Solo la Brembo perde ogni anno 3 milioni di euro in mancati guadagni da pinze e pompe frenanti contraffatte: “siamo attivi dal 2016 nella caccia al falso. Grazie a società specializzate, abbiamo intercettato fino a oggi 59.900 inserzioni di merce contraffatta. Annunci pescati non solo sui big del settore, ma anche su portali dal nome esotico e poco noti in Italia, come Weidian, Taobao, HC360, Ruten o Bukalapak. Lavoriamo anche sul posto, soprattutto in Cina, con un pool di investigatori pri- vati che ci aiutano a scoprire i negozi e i magazzini dove vengono venduti oppure prodotti i falsi di Brembo.
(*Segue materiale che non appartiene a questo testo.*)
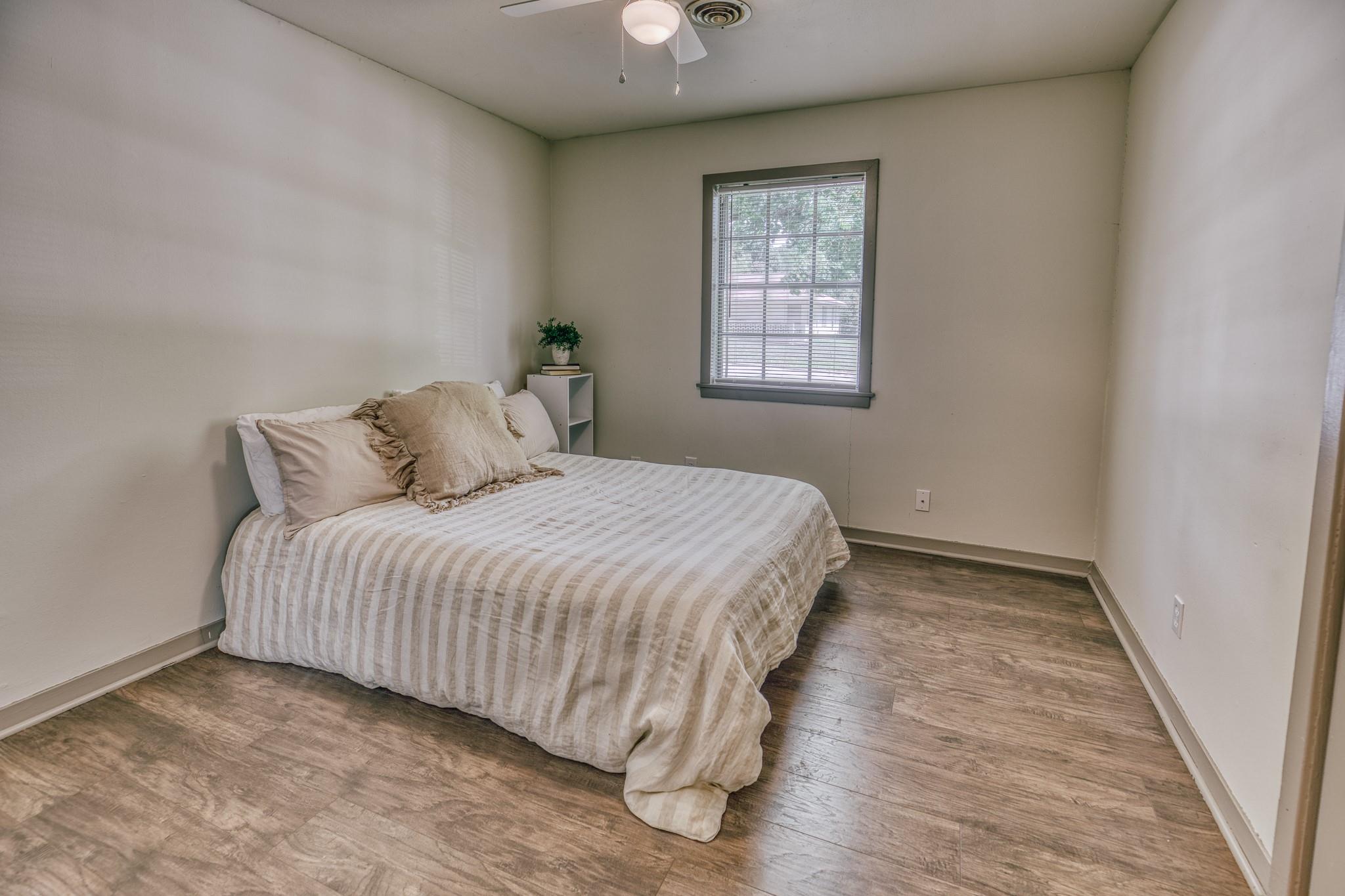 2414 Airline Drive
Un’attività che ci costa ogni anno 400mila euro”, afferma Paolo Rezzaghi, a capo dell’ufficio di Brembo che si occupa di proprietà intellettuale.
“Dueruote” sottolinea anche la diffusione dell’abuso del marchio “Made in Italy” da parte di chi non produce in Italia. “Mi batto da anni contro importatori e furbetti che si vantano di produrre la loro merce nel nostro Paese e nemmeno registrare il marchio a livello internazionale mi ha messo al riparo dalle imitazioni”, osserva Stefano Cappelletti, numero uno di Capit, azienda leader nel settore delle termocoperte per moto.